The package was “strong and substantive”, dealing with all the legitimate issues that people raised.

Separately, Tánaiste Leo Varadkar has warned British prime minister Boris Johnson,the UK will not end up with a better deal if it triggers article 16 of the Northern Ireland protocol.

“The message I’d send to Boris Johnson is that we have an agreement in relation to Northern Ireland, we have an agreement in relation to trade with the European Union – don’t jeopardise it,” Mr Varadkar said in Dublin on Wednesday morning.

“You were part of negotiating it, you own it, it was hard won, it’s a mistake to think that by escalating tensions or by trying to withdraw from any part of it, that you’ll end up with a better deal: you won’t.”


Mr Varadkar's comments come amid growing tension between the UK and European Union over London's stated intention to trigger the break clause in the protocol unless the EU concedes further on key issues. He said the EU could retaliate against the UK, potentially endangering the entire trade deal and revising the prospect of a no-deal Brexit.

“We have a protocol in place that is largely working, has prevented a hard border between north and south, and we have a trade agreement in place with Britain which allows us to trade with Britain without tariffs and that’s really important to Irish business,” he said at an event at the Guinness Enterprise Centre.

“And if the British government decides to trigger article 16, while that doesn’t mean withdrawing from the protocol, it does potentially retaliatory action from the European Union, which could mean suspending parts of the trade agreement. We’d have to give a year’s notice to do that, but that then does create uncertainty for business.”

Such a move would change the “certainty” that businesses in both jurisdictions had enjoyed, Mr Varadkar said. “And I think that would be a big mistake.

“The uncertainty that was created by Brexit went on for years, I think it would be a big mistake for the British government to reopen that uncertainty. I’d hate us to be talking again about a no-deal Brexit or a cliff edge or any of those terms that we’d forgotten or almost stopped using.”

“Any attempt to trigger article 16 would be bad news for businesses in Northern Ireland, here in Ireland and indeed in Britain,” he said.

‘Stay calm’

Earlier, Britain’s Brexit minister Lord Frost has said Brussels should “stay calm and keep things in proportion”.

He claimed in the House of Lords on Wednesday afternoon that triggering article 16 — which would effectively suspend elements of the arrangements — would be the UK’s only option if the dispute was not resolved.

Lord Frost told the Lords there was “a real opportunity to turn away from confrontation, to move beyond our current difficulties and put in place a new, and better, equilibrium” in the talks.

And he said it was “not inevitable” that article 16 is triggered.

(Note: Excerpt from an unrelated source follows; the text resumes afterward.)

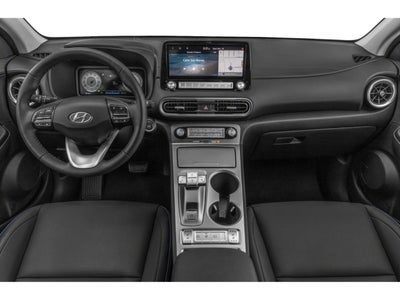 2023 Hyundai KONA ELECTRIC SE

He said: “In my view, this talks process has not reached its end.

“Although we have been talking nearly four weeks now, there remain possibilities that the talks have not yet seriously examined, including many approaches suggested by the UK.

“There is more to do and I will certainly not give up on this process unless and until it is abundantly clear that nothing more can be done. We are certainly not there yet.

“If, however, we do in due course reach that point, the article 16 safeguards will be our only option.”

He added: “I can reassure the House that if article 16 were to be used, we would of course set out our case with confidence and explain that case to any interested party.”

The UK government has set the EU a December deadline to find a solution on the Northern Ireland protocol, which was agreed as a way to maintain a free-flowing land border on the island of Ireland after Brexit.

The arrangement effectively keeps Northern Ireland inside the EU’s single market for goods, resulting in some checks for products crossing the Irish Sea from Great Britain.

But Mr Johnson and Lord Frost have claimed the EU’s interpretation of the deal has led to difficulties. He said: “I gently suggest that our European friends should stay calm and keep things in proportion.

“They might remind themselves that no government and no country has a greater interest in stability and security in Northern Ireland, in the Belfast Agreement, than we do.

“We are hardly likely to proceed in a way that puts all that at risk. “If the EU were to choose to react in a disproportionate way, and decide to aggravate the problems in Northern Ireland rather than reduce them, that is, of course, a matter for them.

“At that point we would be entitled to come to our own judgment about how much value we could attach to their commitment to supporting the peace process and the people of Northern Ireland as against protecting their own interests.”

‘Aggressive move’

Former British secretary of state for Northern Ireland Peter Hain has said the UK's suspension of parts of the Northern Ireland Brexit deal would be a "very aggressive and bombastic move".

Irish and British parliamentarians attending a virtual meeting of Oireachtas committees expressed grave concern about the British government's threat to trigger article 16.

Lord Hain, a Labour Party peer, said he feared the move by UK government "has been coming for a long time" and saw it as a confrontation with Brussels, not aimed at solving a problem but "designed to appeal to the Conservative Party's Brexit base".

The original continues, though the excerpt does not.